EXERCISE PROMPT:
Reproduce word for word the lines between the one containing "A Pair of 19th" and the end of the entries below, both inclusive; leave out pictures.

INPUT MATERIAL:

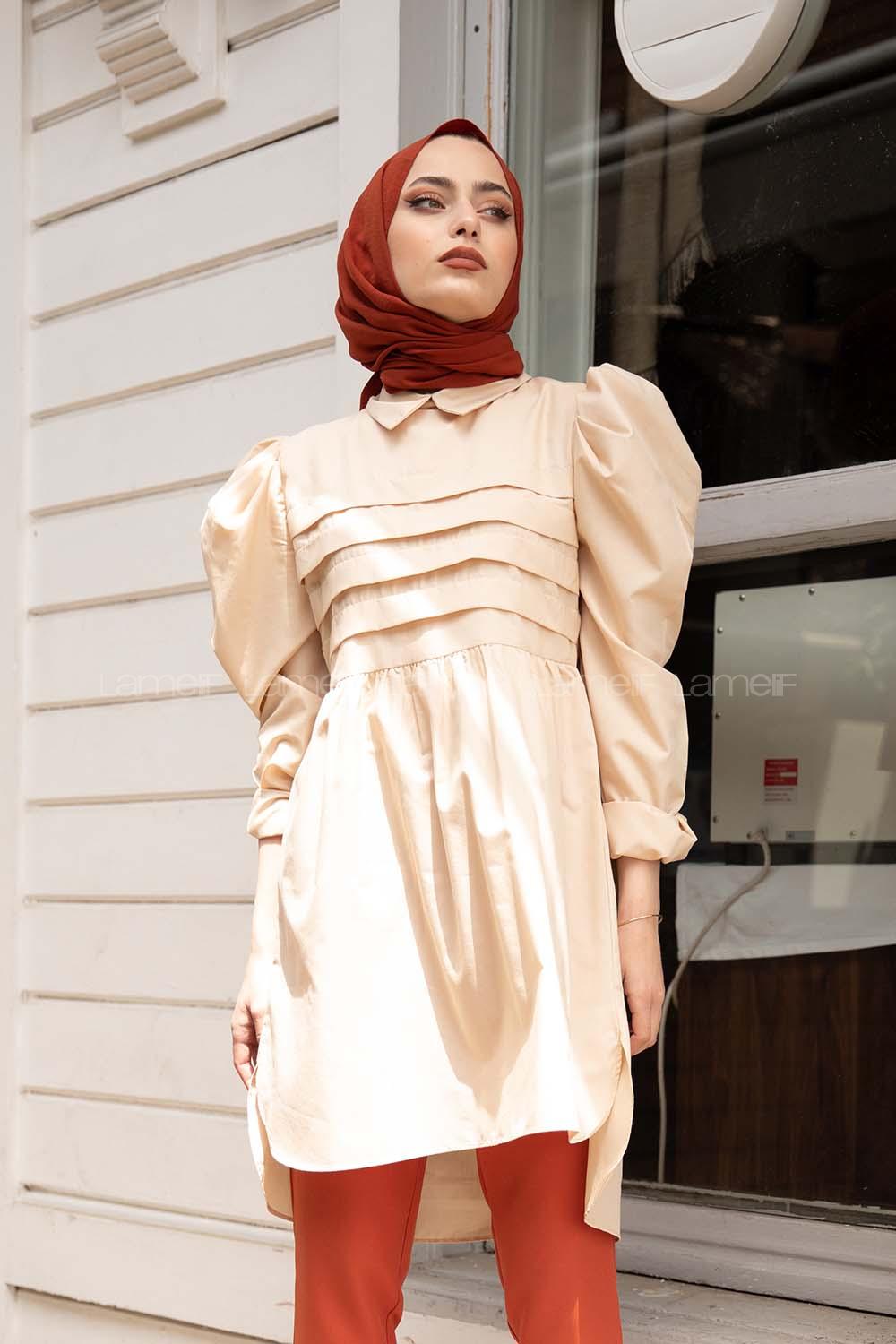 Modalamelif Gömlek Yaka Pileli Tunik Bej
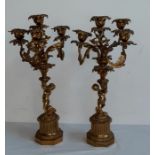 A Pair of 19th cent ormoulu candelabra height 54cm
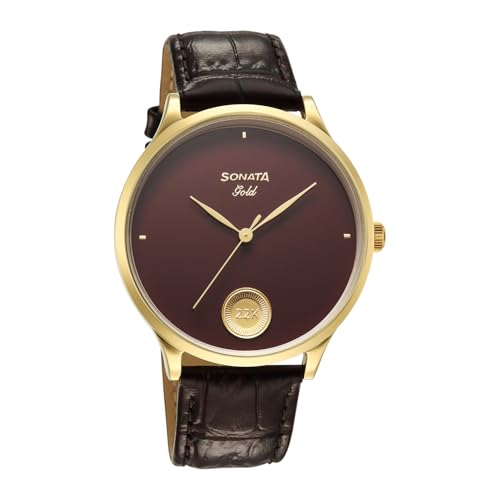 Image of Sonata Gold with Quartz Analog Regal Maroon Dial with 0.15 Gm 22 Karat Tanishq Gold Coin On Dial Brown Leather Strap Watch for Men - 7153YL03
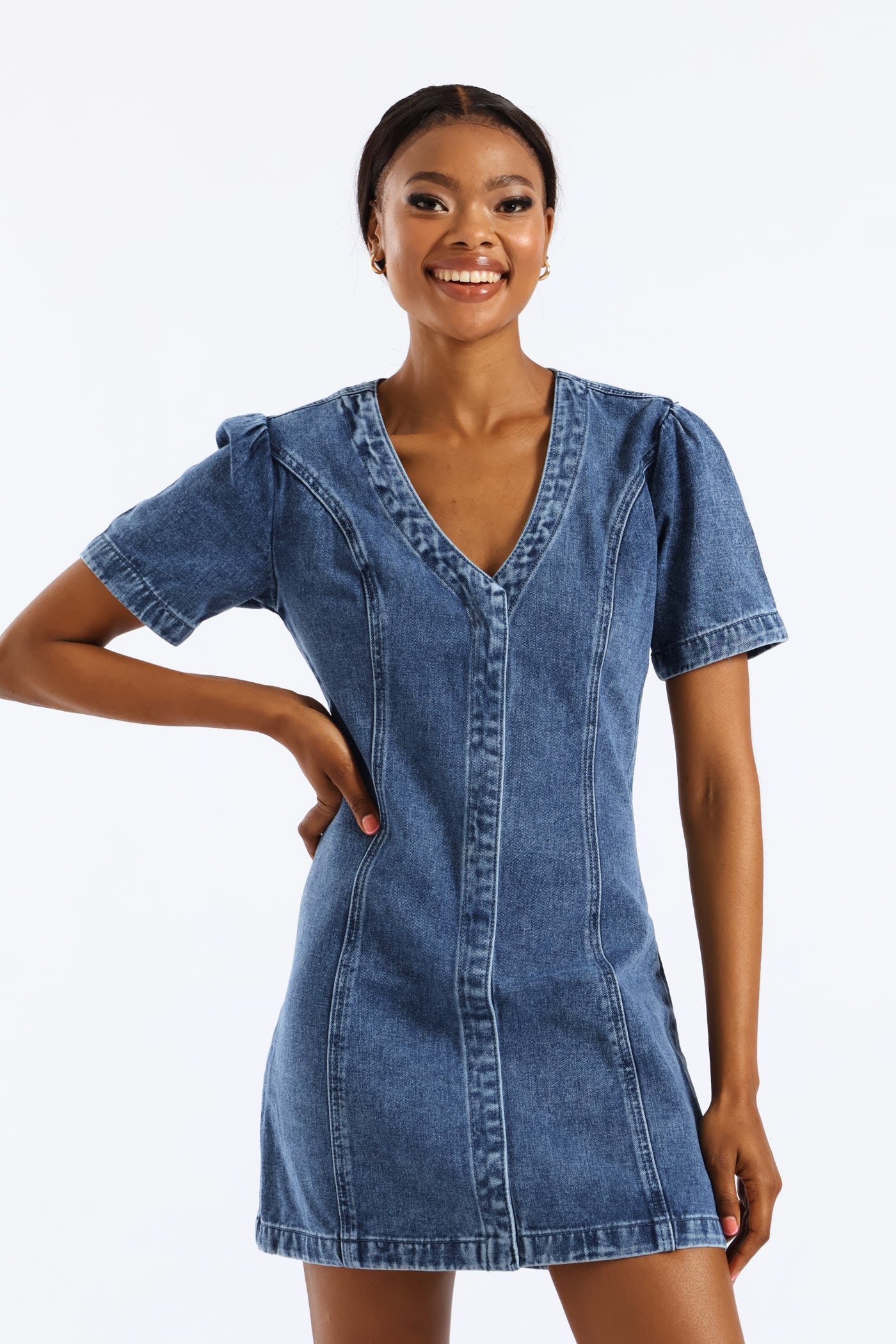 Puff Sleeve Denim Mini Dress
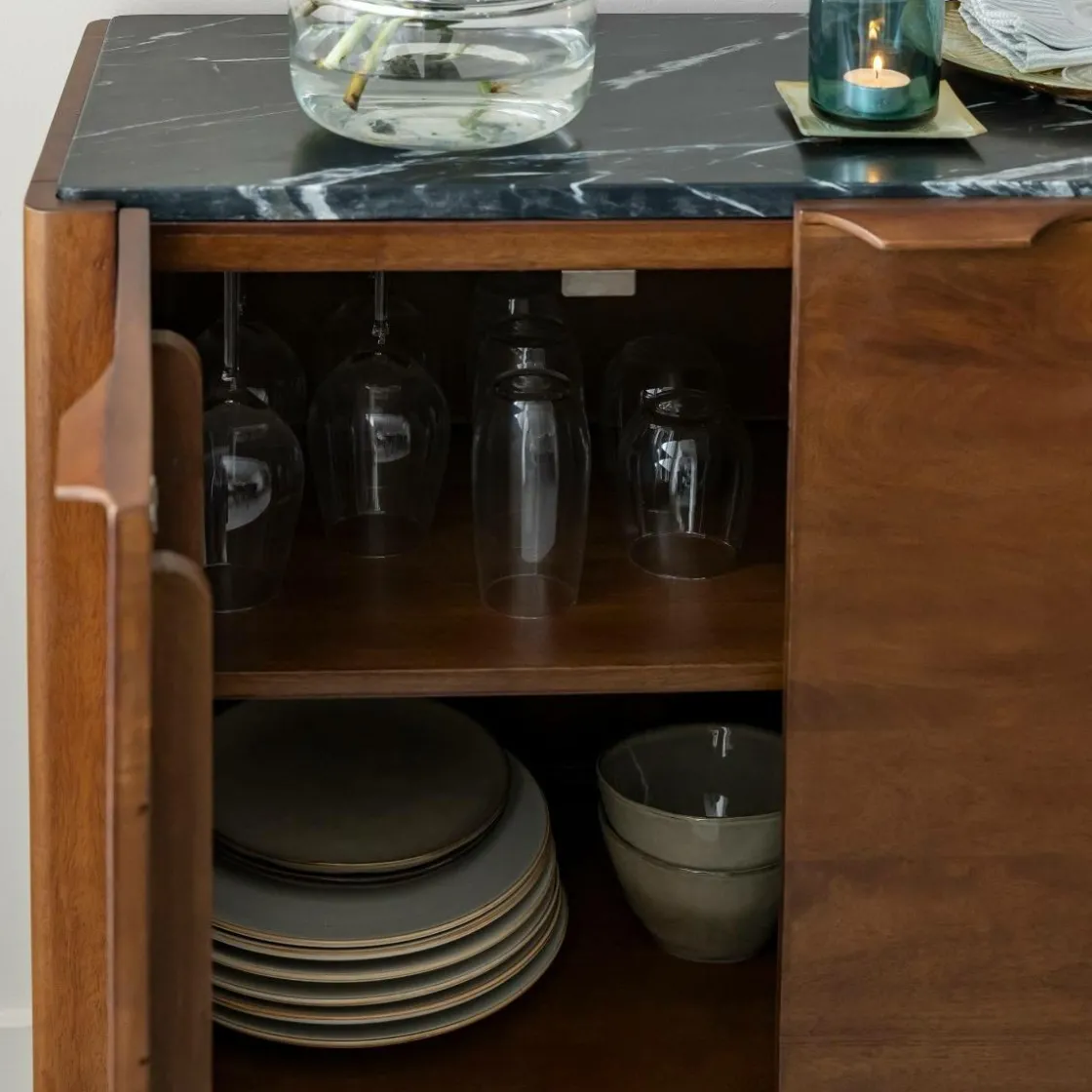 Made in Meubles Buffet<Buffet en bois de manguier et marbre noir Roch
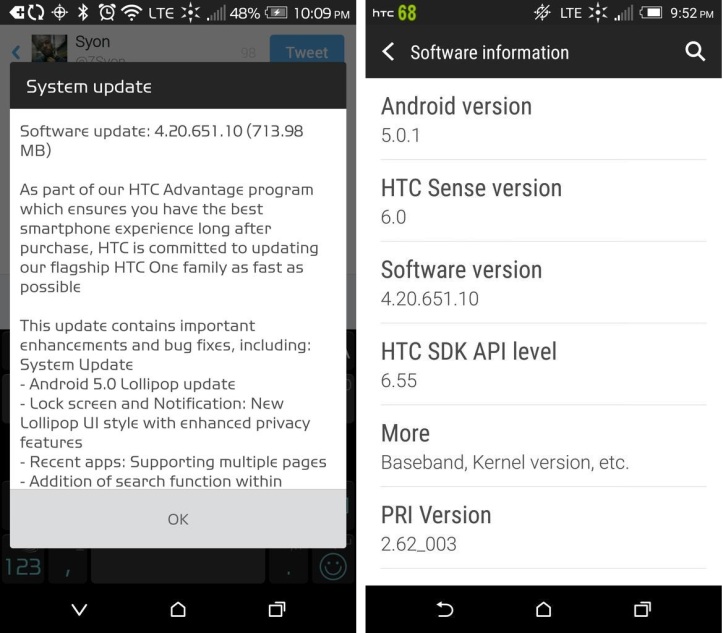 Lollipop update for Sprint HTC One M8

TASK RESPONSE:
 A Pair of 19th cent ormoulu candelabra height 54cm
 Image of Sonata Gold with Quartz Analog Regal Maroon Dial with 0.15 Gm 22 Karat Tanishq Gold Coin On Dial Brown Leather Strap Watch for Men - 7153YL03
 Puff Sleeve Denim Mini Dress
 Made in Meubles Buffet<Buffet en bois de manguier et marbre noir Roch
 Lollipop update for Sprint HTC One M8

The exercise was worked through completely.